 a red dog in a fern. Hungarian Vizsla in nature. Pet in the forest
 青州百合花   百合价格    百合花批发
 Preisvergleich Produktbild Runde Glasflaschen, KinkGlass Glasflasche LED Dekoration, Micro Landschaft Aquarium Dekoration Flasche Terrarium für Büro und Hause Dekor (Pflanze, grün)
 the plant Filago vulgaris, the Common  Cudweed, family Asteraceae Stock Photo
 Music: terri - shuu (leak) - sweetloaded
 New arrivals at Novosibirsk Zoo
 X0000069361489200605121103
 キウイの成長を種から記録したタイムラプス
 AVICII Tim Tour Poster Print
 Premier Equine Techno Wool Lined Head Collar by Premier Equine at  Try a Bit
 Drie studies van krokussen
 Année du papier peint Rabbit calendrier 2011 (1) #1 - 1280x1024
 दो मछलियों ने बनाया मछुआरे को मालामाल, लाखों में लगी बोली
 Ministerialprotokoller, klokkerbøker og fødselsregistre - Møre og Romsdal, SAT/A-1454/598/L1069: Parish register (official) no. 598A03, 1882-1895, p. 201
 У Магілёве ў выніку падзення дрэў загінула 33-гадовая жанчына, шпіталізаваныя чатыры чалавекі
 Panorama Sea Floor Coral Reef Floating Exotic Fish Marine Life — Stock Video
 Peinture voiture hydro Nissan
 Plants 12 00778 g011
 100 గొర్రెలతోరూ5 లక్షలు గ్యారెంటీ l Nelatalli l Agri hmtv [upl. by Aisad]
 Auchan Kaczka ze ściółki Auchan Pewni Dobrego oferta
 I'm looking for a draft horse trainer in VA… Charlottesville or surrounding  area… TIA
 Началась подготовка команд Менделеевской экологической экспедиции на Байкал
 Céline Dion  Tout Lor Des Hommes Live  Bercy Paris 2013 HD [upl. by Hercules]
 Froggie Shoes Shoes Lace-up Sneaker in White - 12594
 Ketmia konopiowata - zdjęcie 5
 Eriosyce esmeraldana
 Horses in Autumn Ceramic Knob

## Task goal
Exactly reproduce the lines of the data above that run from the line containing "I'm looking for" through the final one.

## Exercise response
 I'm looking for a draft horse trainer in VA… Charlottesville or surrounding  area… TIA
 Началась подготовка команд Менделеевской экологической экспедиции на Байкал
 Céline Dion  Tout Lor Des Hommes Live  Bercy Paris 2013 HD [upl. by Hercules]
 Froggie Shoes Shoes Lace-up Sneaker in White - 12594
 Ketmia konopiowata - zdjęcie 5
 Eriosyce esmeraldana
 Horses in Autumn Ceramic Knob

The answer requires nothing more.